* _ACTIVITY_
Starting at the line that contains "Levi’s 501 Original", restate each line word for word through the final line of the data, keeping both ends.

* _DATA EXCERPTS_
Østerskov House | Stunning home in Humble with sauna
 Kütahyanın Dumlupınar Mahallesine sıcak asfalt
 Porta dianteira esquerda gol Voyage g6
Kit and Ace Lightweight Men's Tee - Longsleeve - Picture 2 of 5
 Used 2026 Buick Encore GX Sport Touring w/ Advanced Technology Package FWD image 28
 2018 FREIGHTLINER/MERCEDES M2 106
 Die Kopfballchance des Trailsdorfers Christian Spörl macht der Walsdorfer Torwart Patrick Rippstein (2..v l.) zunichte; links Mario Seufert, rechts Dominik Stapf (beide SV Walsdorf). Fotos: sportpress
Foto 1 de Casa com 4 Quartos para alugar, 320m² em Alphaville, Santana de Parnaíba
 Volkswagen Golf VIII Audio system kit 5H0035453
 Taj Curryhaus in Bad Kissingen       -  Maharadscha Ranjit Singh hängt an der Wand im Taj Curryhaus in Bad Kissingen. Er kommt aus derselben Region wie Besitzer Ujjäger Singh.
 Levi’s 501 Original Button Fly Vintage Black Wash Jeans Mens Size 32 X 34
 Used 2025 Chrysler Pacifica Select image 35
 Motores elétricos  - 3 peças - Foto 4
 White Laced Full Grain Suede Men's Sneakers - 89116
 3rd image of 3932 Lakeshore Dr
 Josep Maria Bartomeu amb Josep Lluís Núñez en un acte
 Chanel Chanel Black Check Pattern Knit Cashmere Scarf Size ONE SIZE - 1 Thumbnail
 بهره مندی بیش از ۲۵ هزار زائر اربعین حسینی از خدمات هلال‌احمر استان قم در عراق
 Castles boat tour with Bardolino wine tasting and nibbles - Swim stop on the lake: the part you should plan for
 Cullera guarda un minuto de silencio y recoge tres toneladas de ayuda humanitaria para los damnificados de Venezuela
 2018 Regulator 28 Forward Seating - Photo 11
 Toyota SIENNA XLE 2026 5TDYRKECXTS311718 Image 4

* _TASK RESULT_
 Levi’s 501 Original Button Fly Vintage Black Wash Jeans Mens Size 32 X 34
 Used 2025 Chrysler Pacifica Select image 35
 Motores elétricos  - 3 peças - Foto 4
 White Laced Full Grain Suede Men's Sneakers - 89116
 3rd image of 3932 Lakeshore Dr
 Josep Maria Bartomeu amb Josep Lluís Núñez en un acte
 Chanel Chanel Black Check Pattern Knit Cashmere Scarf Size ONE SIZE - 1 Thumbnail
 بهره مندی بیش از ۲۵ هزار زائر اربعین حسینی از خدمات هلال‌احمر استان قم در عراق
 Castles boat tour with Bardolino wine tasting and nibbles - Swim stop on the lake: the part you should plan for
 Cullera guarda un minuto de silencio y recoge tres toneladas de ayuda humanitaria para los damnificados de Venezuela
 2018 Regulator 28 Forward Seating - Photo 11
 Toyota SIENNA XLE 2026 5TDYRKECXTS311718 Image 4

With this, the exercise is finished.